At a time when this world seems to be spinning towards a place where the individual matters less and less, more of us are standing up in our own small way and saying that isn’t right. We do matter. Whether we do this by how we vote or how we treat each other is a matter of choice.
In a long teaching career I was able to work in several communities with lots of different families that worked their family magic in differing ways. That did not matter – what mattered was that they had found ways to show their love and support for each other and to demonstrate that to the world outside their homes.

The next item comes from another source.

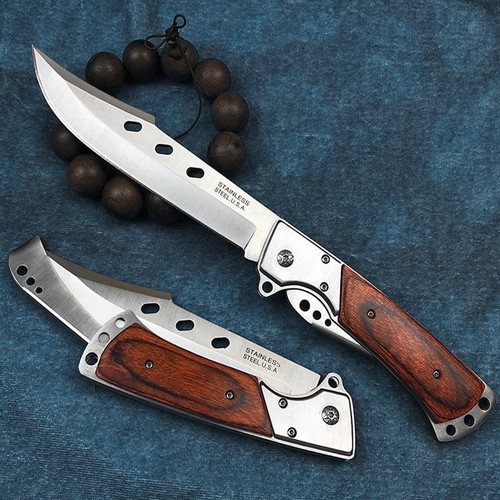 14cm jagdmesser outdoor - 14cm,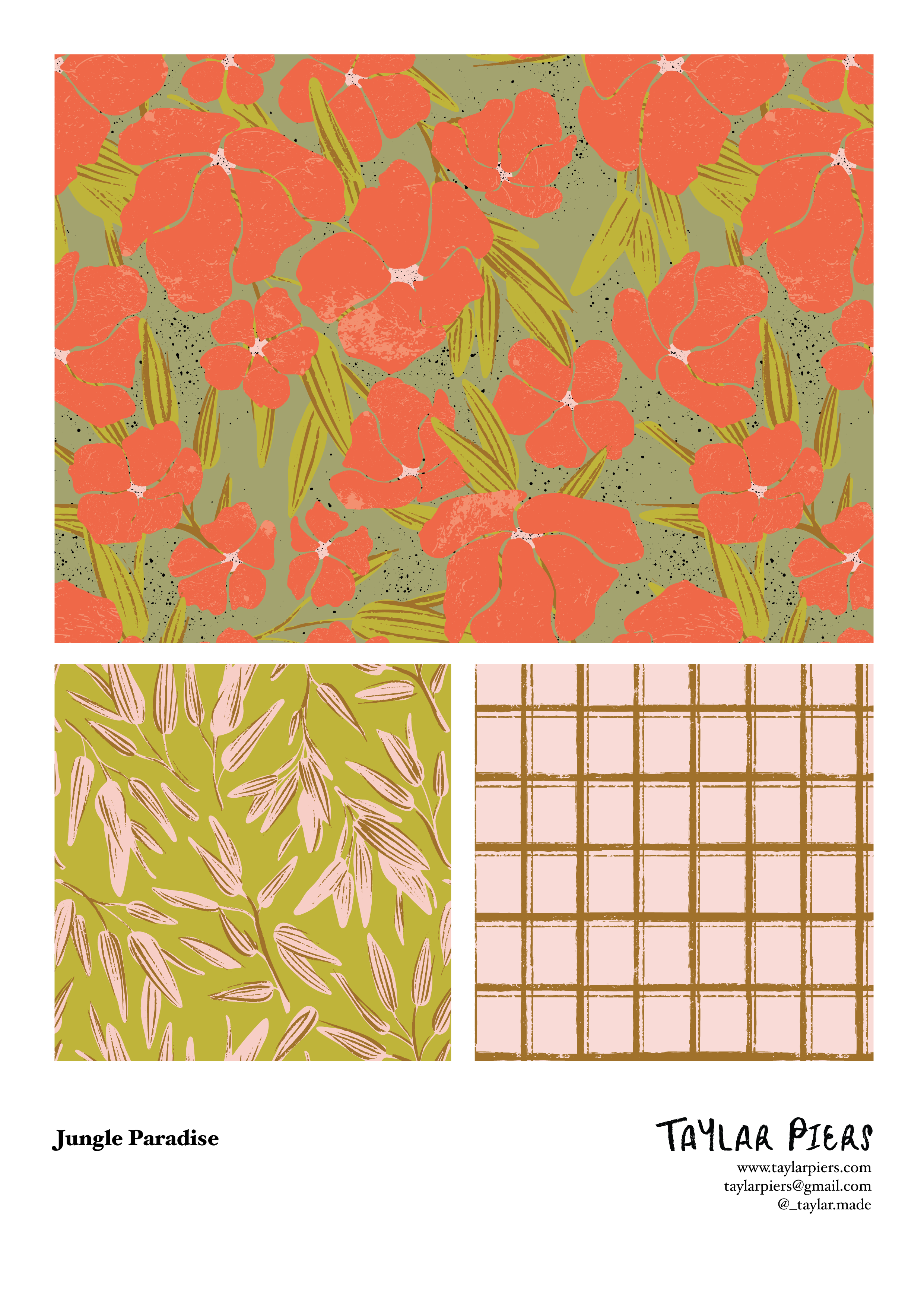 JungleParadise_SellSheet_RepeatPattern_Collection_by_Taylar_Piers.png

Recently as a volunteer at my sons’ school I was able to attend a training session on ‘normal magic’ where staff were shown ways to support each other and their pupils through simple ‘normal’ ways that look after our mental health and well-being. Although a really useful session I was struck afterwards by how sad it is that society is changing in ways that does not look after our mental well-being. A society where there are increasing numbers of homeless, where there are so many damaged children growing into damaged adults, where employers place so much value on productivity at any cost to their employees, where families are under so much pressure that they spilt and break and where a government puts so much value on results that children’s rights to be children are simply stated as a mean score aged seven and eleven.
Now I am not saying that children do not have the right to the best education possible but that we should remember that they are children not adults. Children need time to simply ‘be’, time to make sense of what they learn, time to learn at their own pace, time to learn in the way that is best for them.
As adults looking after ourselves we need time too. Time to make sense of what is happening around us, time to do what we have to do and we also need time to simply ‘be’. Humans did not evolve to live at the speed society whizzes by at today.
We should not feel ashamed to take time for ourselves, to nurture our own well-being for it is only if we do this that we will be able to share ourselves with those we love and to be able to nurture others.
For me sometimes I find taking a few moments for mindfulness can really help (I have found some really helpful free resources here) – but so can creativity – the simple repetitive acts of sewing, knitting or whatever you do can really free the mind to heal itself and be ready to face the world again.
So what are you going to do today to look after yourself?